Himalayan Glaciers Lost No Ice in 10 Years

by | Feb 11, 2012 | Energy, Media, Politics, Science

The authors of the U.N.’s climate policy guide were red-faced two years ago when it was revealed that they had inaccurately forecast that the Himalayan glaciers would melt completely in 25 years, vanishing by the year 2035.

Rajendra Pachauri, head of the U.N.’s Intergovernmental Panel on Climate Change (IPCC) and director general of the Energy and Resources Institute (TERI) in New Dehli, India, ultimately issued a statement offering regret for what turned out to be a poorly vetted statement.

A new report published Thursday, Feb. 9, in the science journal Nature offers the first comprehensive study of the world’s glaciers and ice caps, and one of its conclusions has shocked scientists. Using GRACE, a pair of orbiting satellites racing around the planet at an altitude of 300 miles, it comes to the eye-popping conclusion that the Himalayas have barely melted at all in the past 10 years.  …

Some previous estimates of ice loss in the high Asia mountains had predicted up to 50 billion tons of melting ice annually, said Wahr, who is also a fellow at the Cooperative Institute for Research in Environmental Sciences. Instead, results from GRACE pin the estimated ice loss from those peaks — including ranges like the Himalayas and the nearby Pamir and Tien Shan — at only about 4 billion tons of ice annually.

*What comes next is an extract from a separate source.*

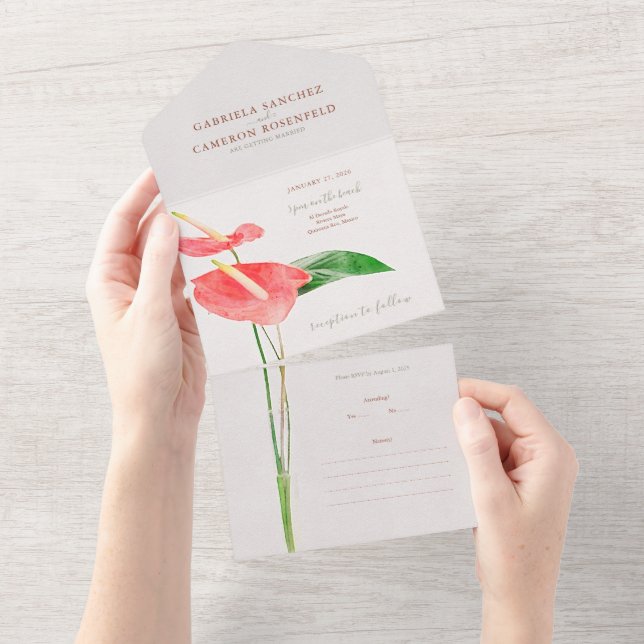 Invitation Tout En Un Aquarelle florale Mariage Laceleaf tropical (Déchirure)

Bristol University glaciologist Jonathan Bamber, who was not part of the research team, told the Guardian that such a level of melting was practically insignificant.

“The very unexpected result was the negligible mass loss from high mountain Asia, which is not significantly different from zero,” he told the Guardian.

via Fox News.

What the?!  This is the problem with some (not all) scientists.  There is the whole scientific method which is appropriate; but too many of these global warming folks seem to forget that you must rely on the results of testing (a/k/a observations) to enforce your conclusions.  When the results (i.e. observations) are not in-line with your hypothesis (i.e. conjecture) then your hypothesis WAS WRONG.

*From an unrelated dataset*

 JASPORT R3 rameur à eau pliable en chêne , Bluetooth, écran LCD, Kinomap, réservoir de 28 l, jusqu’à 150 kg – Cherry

i.e. Why is this guy — who was so clearly wrong years ago — still working at the U.N.?  And how much are we paying him to be wrong all the time?

The problem with society and the media that they continue to give attention to these “scientists” who are wrong, and then wrong, and then wrong, again and again.  We should not pay any attention to their their kooky ideas.

How this news story should read is:

Disgraced scientist, Rajendra Pachauri, once the former head of the U.N.’s IPCC and who was also the director of TERI has officially been proved wrong by actual scientific observations.  Mr. Pachauri, once a prominent raising star in the scientific community is now selling cars in southern Kentucky.  When contacted he stated, “I now realize I was wrong for many years issuing false reports based on bogus data but there can be no doubt that now is the time to get into a new Ford Feista which is both cute and gets great gas mileage.”